ModelCheckpoint is unable to save filenames that reference a metric with a slash in their name. I use grouped metrics for tensorboard, and would like to save my files containing my loss: val/loss. However, ModelCheckpoint uses os.path.split, which splits the file name: https://github.com/PyTorchLightning/pytorch-lightning/blob/6ac0958166c66ed599c96737b587232b7a33d89e/pytorch_lightning/callbacks/model_checkpoint.py#L258
If I try to use
ModelCheckpoint("root/dir/{epoch}_{val/loss:.5f}")
The above evaluates to
self.dirpath = "root/dir/{epoch}_{val"
self.filename = "loss:.5f}"
This inevitably causes failure when attempting to format the output path.

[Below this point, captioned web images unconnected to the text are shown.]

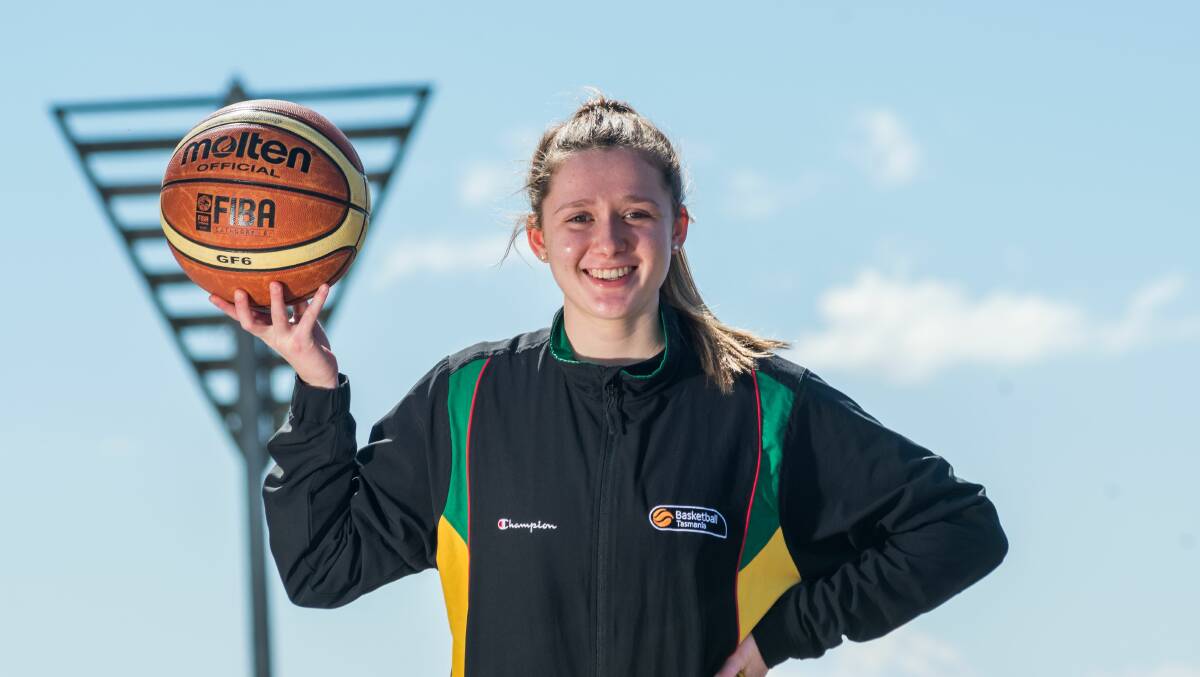 Ulverstone basketballer Zoe Crawford.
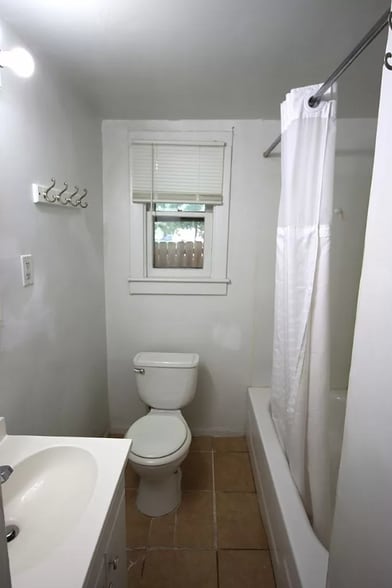 Building Photo - 113 S Chicago St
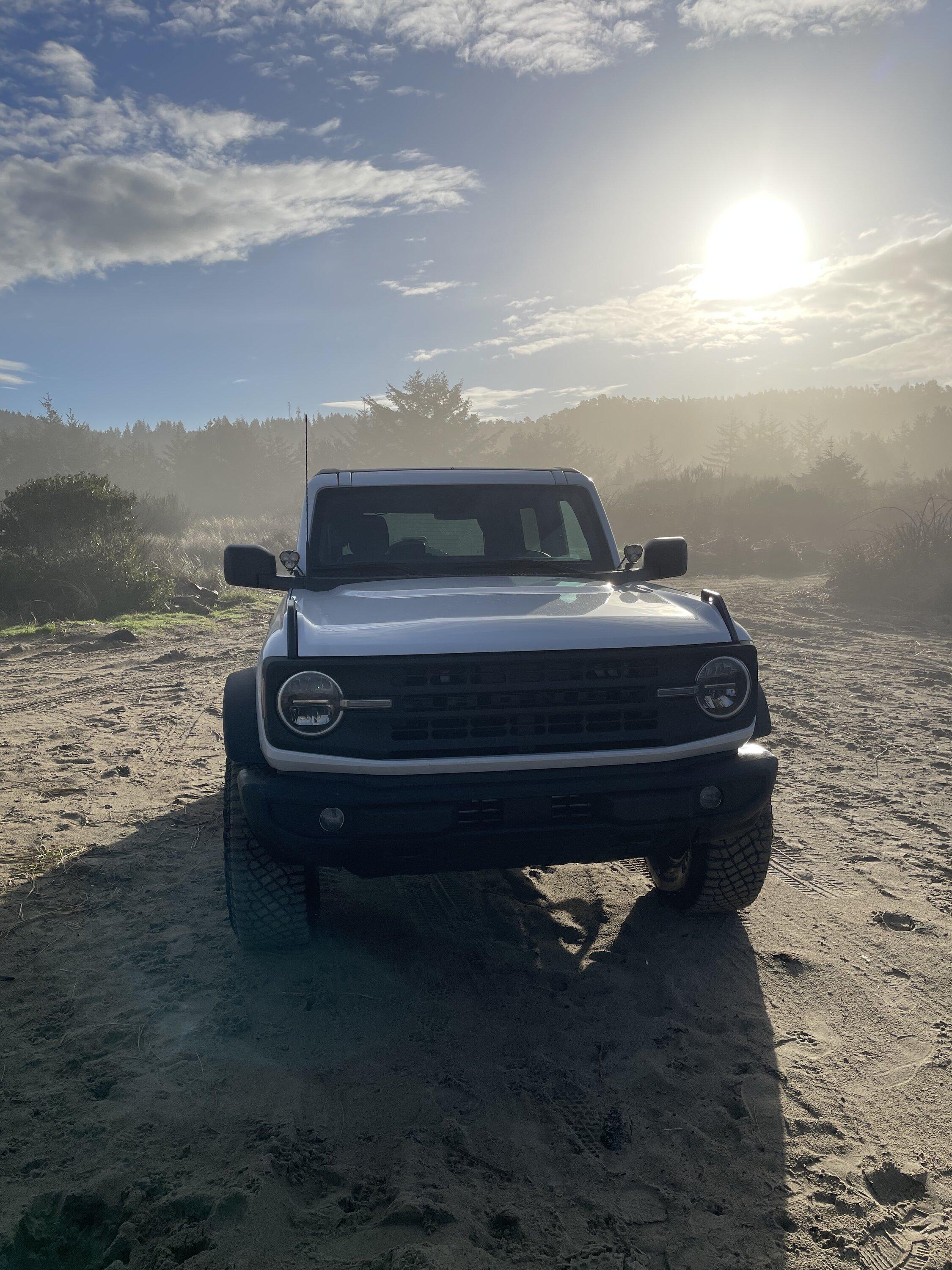 Ford Bronco Standard bumper lighting mounting options? IMG_8400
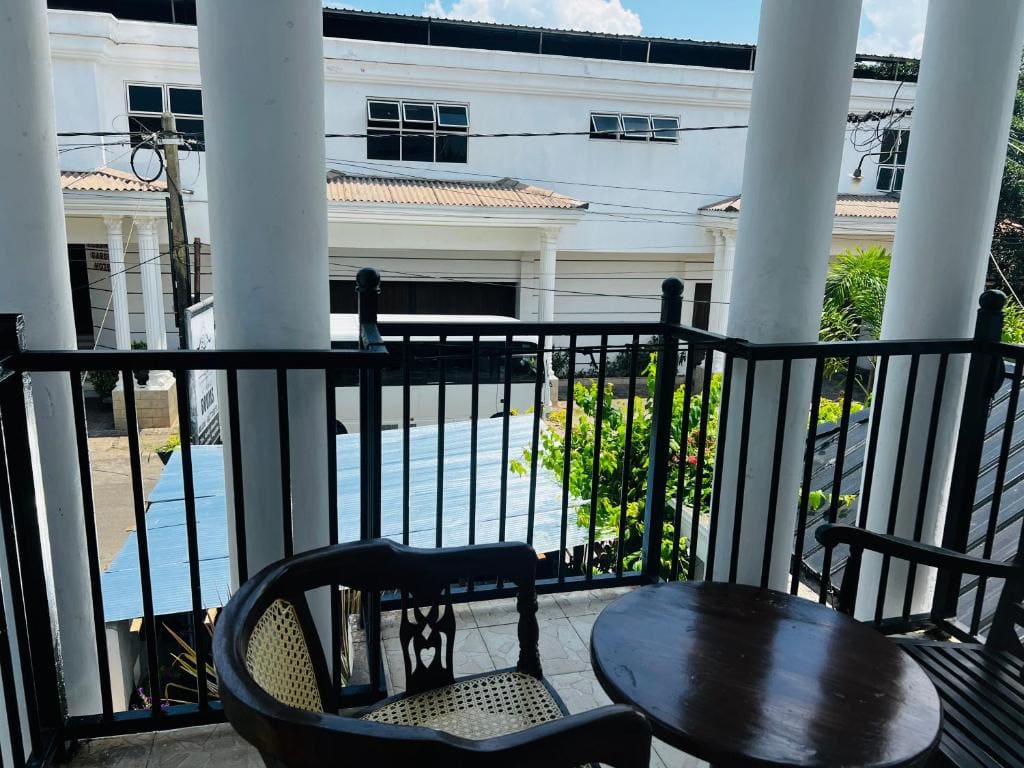 Double Room with Balcony room - Image 1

As above, log a metric with a slash, then use it in model checkpoint output
class Module(pl.LightningModule):
...
def validation_step(self, batch, batch_idx):
x, y = batch
logits = self.forward(x)
loss = self.loss_fn(logits, y)
self.log('val/loss', loss, on_epoch=True)
return loss
...
def main():
trainer = pl.Trainer(checkpoint_callback=ModelCheckpoint("{epoch}_{val/loss:.5f}"))
Split only along file path boundaries, ignoring variable names yet-to-be-formatted.
Per the previous example, we'd expect:
self.dirpath = "root/dir"
self.filename = "{epoch}_{val/loss:.5f}"
Hi! thanks for your contribution!, great first issue!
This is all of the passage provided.